▶ **ACTIVITY**
Where the word "Zipper" shows up in the entries below, please copy the whole line.

▶ **EXERCISE DATA**
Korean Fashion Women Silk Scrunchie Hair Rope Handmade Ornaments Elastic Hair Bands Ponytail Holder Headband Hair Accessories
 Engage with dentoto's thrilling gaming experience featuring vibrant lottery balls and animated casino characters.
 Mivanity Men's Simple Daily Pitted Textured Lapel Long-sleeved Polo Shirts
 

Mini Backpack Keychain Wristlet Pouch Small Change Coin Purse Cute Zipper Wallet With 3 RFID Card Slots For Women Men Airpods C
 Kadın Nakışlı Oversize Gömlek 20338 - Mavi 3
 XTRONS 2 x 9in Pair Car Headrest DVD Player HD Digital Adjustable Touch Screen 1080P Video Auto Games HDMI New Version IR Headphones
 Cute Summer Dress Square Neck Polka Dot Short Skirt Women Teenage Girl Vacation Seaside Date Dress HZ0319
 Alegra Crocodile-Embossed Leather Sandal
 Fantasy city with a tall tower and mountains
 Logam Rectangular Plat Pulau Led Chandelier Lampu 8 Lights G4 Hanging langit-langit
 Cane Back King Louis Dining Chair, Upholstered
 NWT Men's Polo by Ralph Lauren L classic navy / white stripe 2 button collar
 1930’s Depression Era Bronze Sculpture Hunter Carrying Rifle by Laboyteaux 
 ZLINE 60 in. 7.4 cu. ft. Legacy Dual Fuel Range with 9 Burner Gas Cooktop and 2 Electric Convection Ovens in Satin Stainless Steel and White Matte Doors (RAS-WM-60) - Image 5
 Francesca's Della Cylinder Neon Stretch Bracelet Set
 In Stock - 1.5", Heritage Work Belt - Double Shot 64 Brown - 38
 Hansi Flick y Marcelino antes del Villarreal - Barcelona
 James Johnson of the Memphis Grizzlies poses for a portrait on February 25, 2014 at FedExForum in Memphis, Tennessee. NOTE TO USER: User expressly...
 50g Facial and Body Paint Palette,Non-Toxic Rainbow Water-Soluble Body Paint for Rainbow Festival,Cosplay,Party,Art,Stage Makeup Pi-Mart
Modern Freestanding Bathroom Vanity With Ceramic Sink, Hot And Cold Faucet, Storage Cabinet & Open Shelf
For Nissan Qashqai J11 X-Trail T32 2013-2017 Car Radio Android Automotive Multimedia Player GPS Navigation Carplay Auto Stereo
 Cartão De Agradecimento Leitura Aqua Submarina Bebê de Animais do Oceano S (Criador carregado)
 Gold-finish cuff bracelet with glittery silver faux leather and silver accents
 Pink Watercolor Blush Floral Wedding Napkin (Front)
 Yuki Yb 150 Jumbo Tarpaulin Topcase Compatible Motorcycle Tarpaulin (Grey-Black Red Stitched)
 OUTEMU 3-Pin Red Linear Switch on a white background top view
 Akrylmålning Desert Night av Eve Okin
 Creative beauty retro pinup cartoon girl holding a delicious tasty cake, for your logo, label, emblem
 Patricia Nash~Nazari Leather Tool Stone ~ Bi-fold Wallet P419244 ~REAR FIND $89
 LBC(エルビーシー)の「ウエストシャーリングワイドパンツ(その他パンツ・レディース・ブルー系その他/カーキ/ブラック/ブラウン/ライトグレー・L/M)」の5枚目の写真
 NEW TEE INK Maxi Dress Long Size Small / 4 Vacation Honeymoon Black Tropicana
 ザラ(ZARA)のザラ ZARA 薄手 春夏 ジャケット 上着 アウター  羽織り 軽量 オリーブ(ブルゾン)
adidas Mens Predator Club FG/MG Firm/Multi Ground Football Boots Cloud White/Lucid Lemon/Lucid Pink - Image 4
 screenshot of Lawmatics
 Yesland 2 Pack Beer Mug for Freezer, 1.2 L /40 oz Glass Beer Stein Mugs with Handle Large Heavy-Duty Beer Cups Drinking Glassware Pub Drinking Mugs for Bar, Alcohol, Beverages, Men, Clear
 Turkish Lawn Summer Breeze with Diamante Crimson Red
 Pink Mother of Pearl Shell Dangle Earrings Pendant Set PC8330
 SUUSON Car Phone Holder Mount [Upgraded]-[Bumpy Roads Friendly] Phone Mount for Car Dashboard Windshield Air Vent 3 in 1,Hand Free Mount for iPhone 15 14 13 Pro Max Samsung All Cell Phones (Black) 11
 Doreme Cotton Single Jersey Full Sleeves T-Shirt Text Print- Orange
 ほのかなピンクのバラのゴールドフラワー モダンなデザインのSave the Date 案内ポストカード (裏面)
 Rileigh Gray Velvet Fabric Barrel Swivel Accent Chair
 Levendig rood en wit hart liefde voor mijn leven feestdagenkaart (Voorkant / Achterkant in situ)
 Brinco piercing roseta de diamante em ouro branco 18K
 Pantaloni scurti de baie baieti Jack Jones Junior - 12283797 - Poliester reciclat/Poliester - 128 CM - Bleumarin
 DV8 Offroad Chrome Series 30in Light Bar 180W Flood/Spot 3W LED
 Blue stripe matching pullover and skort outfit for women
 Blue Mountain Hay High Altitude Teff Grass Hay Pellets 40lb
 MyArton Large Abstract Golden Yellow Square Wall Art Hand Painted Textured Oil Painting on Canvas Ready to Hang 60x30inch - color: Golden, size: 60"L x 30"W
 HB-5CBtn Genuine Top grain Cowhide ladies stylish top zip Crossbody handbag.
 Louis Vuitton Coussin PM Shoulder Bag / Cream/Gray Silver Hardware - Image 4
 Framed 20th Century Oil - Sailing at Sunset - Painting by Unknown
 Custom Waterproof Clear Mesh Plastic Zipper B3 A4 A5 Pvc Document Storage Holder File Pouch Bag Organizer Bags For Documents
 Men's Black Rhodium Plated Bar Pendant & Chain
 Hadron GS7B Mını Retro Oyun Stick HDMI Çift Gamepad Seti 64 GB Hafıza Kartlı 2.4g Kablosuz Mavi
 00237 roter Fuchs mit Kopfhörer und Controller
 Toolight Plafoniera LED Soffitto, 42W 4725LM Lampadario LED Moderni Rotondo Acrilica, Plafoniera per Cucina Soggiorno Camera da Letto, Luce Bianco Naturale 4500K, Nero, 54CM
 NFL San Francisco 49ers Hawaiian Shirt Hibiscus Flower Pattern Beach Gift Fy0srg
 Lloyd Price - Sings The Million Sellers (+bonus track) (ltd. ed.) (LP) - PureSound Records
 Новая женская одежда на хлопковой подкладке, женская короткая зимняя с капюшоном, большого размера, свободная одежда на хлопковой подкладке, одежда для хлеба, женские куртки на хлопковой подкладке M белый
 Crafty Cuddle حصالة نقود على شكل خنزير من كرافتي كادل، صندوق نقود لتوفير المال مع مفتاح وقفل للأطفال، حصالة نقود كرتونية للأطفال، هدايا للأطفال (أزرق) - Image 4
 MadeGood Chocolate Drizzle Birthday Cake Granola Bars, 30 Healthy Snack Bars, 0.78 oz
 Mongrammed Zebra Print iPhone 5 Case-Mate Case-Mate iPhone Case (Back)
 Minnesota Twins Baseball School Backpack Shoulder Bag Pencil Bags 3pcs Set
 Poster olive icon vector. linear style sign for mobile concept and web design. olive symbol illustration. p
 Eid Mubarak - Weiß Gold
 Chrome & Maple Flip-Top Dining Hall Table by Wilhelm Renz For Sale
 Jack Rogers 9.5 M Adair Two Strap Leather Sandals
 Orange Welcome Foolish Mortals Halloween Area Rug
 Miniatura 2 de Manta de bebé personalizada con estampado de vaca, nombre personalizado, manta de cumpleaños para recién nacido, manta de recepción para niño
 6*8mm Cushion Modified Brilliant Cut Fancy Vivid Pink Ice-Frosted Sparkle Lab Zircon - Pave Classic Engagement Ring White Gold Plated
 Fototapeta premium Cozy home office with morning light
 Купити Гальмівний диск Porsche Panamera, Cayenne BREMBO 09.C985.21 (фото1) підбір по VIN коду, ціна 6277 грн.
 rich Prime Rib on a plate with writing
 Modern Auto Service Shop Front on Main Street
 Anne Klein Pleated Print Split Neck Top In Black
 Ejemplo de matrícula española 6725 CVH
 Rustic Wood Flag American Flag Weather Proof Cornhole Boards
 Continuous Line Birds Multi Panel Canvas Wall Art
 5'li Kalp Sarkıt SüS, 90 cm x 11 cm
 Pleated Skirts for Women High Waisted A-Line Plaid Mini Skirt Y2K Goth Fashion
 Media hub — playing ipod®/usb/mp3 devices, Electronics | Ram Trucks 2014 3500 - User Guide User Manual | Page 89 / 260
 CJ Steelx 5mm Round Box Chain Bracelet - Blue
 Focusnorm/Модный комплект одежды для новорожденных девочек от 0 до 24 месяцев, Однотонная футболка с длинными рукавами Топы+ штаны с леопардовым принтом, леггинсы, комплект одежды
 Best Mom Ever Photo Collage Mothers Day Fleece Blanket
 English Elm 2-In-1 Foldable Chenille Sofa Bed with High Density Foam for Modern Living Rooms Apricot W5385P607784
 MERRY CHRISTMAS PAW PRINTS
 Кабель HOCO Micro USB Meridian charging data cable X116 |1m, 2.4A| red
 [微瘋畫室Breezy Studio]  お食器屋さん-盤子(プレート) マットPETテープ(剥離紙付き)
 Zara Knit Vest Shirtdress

▶ **OUTPUT OF THE TASK**
Mini Backpack Keychain Wristlet Pouch Small Change Coin Purse Cute Zipper Wallet With 3 RFID Card Slots For Women Men Airpods C
 Custom Waterproof Clear Mesh Plastic Zipper B3 A4 A5 Pvc Document Storage Holder File Pouch Bag Organizer Bags For Documents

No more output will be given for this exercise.